I understand that I can be more stringent in filtering the table by abundance and prevalence, but I was wondering if there was a way to do this within ConQuR? Am I not understanding the options and settings properly? I am running this on data that has been pretty aggressively filtered for contaminants, should I run this on raw unfiltered data, so that the overall distribution of the taxa is not affected by filtering? The dataset itself is very sparse, so perhaps that is also the issue?

Thanks, Julia

wdl2459 commented 1 year ago

Thanks for your interest in our tool!

ConQuR aims to reduce batch effects while maintaining or even amplifying the biological effect of interest. Therefore, some false negative signals in uncorrected data could be detected after correction, while moderately inflated false positive rate is common. However, false negatives and false positives are called in simulated data where we know the truth. In real data, it is hard to draw conclusions when we observe a non-significant signal becomes significant or a significant signal becomes non-significant after batch correction.

Talking about the moderately inflated false positive rate, like many other batch correction tools, ConQuR uses the metadata twice, in both the correction and subsequent analyses, theoretically leading to over-optimism in association analysis. However, in practice, this bias is modest relative to the batch effects, and the inclusion of metadata is often helpful for estimating conditional distributions when the taxon is uncommon or imbalanced among batches.

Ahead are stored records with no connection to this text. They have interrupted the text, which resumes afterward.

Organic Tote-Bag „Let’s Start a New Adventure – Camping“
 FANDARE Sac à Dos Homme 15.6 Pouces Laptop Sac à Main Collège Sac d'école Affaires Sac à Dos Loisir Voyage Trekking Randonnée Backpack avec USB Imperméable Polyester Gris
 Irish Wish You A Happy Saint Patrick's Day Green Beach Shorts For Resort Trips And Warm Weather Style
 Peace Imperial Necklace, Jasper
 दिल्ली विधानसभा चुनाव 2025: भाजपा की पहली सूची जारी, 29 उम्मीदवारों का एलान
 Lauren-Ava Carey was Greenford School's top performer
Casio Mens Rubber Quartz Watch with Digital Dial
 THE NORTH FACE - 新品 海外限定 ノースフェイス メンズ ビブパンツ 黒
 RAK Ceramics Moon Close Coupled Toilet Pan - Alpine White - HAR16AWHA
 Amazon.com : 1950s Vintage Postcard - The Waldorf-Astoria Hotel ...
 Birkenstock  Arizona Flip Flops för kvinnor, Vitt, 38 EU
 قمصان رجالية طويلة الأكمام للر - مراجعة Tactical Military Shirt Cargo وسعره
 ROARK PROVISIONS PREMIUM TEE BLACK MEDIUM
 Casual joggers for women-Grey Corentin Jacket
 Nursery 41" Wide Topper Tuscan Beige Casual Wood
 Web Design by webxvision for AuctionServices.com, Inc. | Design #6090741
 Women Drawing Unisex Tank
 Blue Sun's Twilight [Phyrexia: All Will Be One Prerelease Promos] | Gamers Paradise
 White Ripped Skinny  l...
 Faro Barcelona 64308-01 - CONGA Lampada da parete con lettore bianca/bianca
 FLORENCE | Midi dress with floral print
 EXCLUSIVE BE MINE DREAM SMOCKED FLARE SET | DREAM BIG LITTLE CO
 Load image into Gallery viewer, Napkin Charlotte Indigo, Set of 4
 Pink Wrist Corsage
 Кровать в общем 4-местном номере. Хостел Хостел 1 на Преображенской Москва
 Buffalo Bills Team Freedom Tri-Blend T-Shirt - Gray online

Also, before using ConQuR, please check (1) whether the batch completely confounds the key variable, (2) whether there are many small batches (limited information for estimation) or small numbers of sequences/library sizes (poor data quality). If the two problems exist, ConQuR cannot work well or even cannot work. I guess "very sparse" indicates poor data quality, e.g., small numbers of sequences/library sizes? If so, it is a pity that the current version of ConQuR cannot work well.